* _Information shown_:
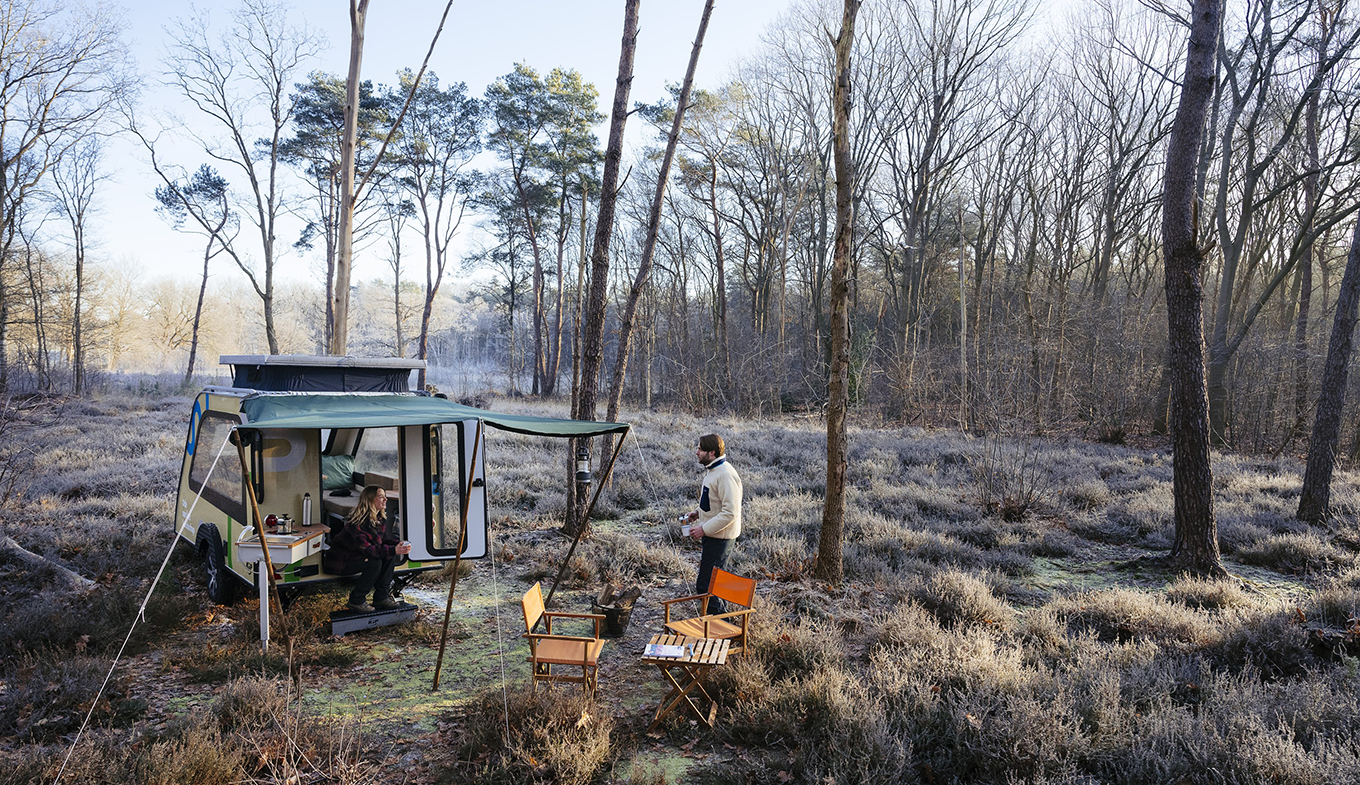 In een stuk bos met rijp op de begroeiing zien we een mini-caravan met een stel dat iets warms drinkt. In een stuk bos met rijp op de begroeiing zien we een mini-caravan met een stel dat iets warms drinkt.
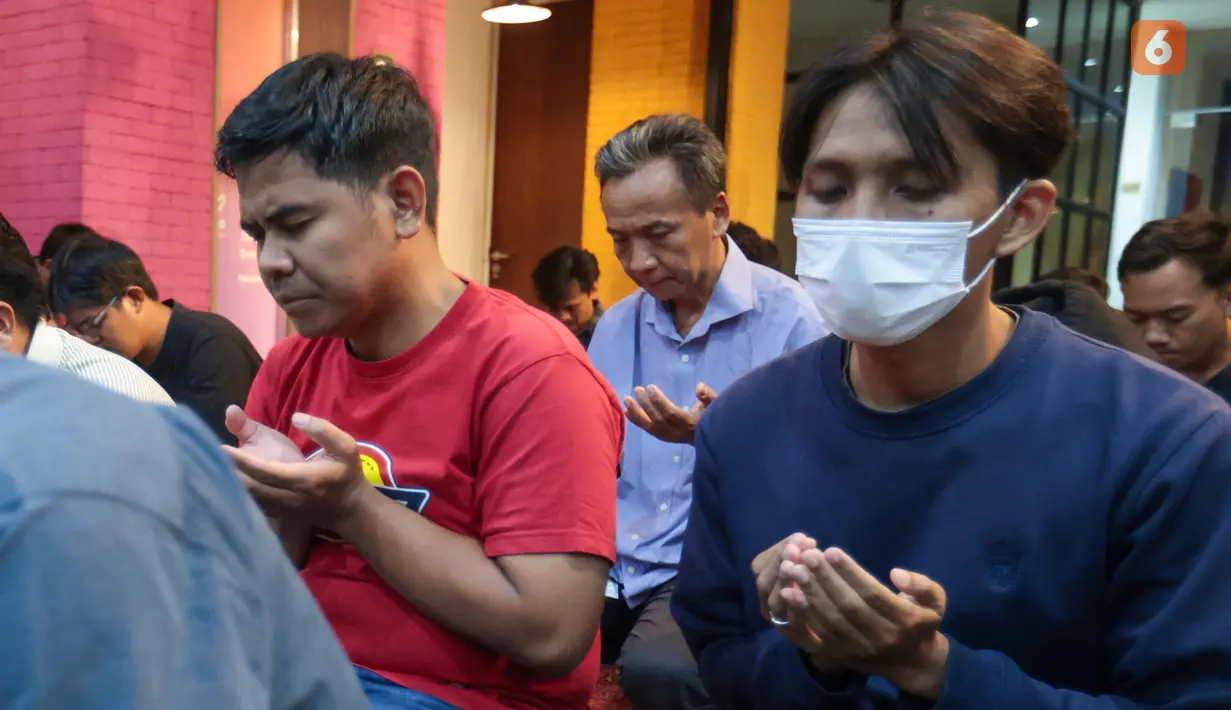 Karyawan KLY menundukkan kepala saat mengikuti doa bersama untuk Arie Basuki dan empat jurnalis lainnya yang hilang kontak saat meliput aktivitas Gunung Anak Krakatau di perairan Selat Sunda, Kamis (10/9/2026). (KLY/Budy Santoso)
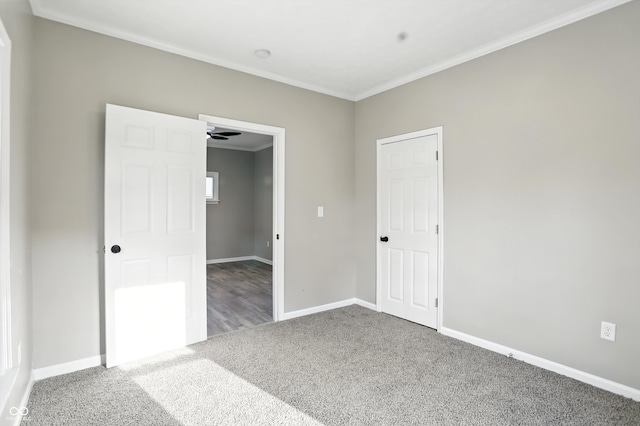 1430 W 14th St, Anderson, IN 46016 - unfurnished bedroom with ornamental molding and carpet flooring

* _Task brief_:
Please retype the data exactly as it appears, but without any of its pictures.

* _Answer to this exercise_:
 In een stuk bos met rijp op de begroeiing zien we een mini-caravan met een stel dat iets warms drinkt. In een stuk bos met rijp op de begroeiing zien we een mini-caravan met een stel dat iets warms drinkt.
 Karyawan KLY menundukkan kepala saat mengikuti doa bersama untuk Arie Basuki dan empat jurnalis lainnya yang hilang kontak saat meliput aktivitas Gunung Anak Krakatau di perairan Selat Sunda, Kamis (10/9/2026). (KLY/Budy Santoso)
 1430 W 14th St, Anderson, IN 46016 - unfurnished bedroom with ornamental molding and carpet flooring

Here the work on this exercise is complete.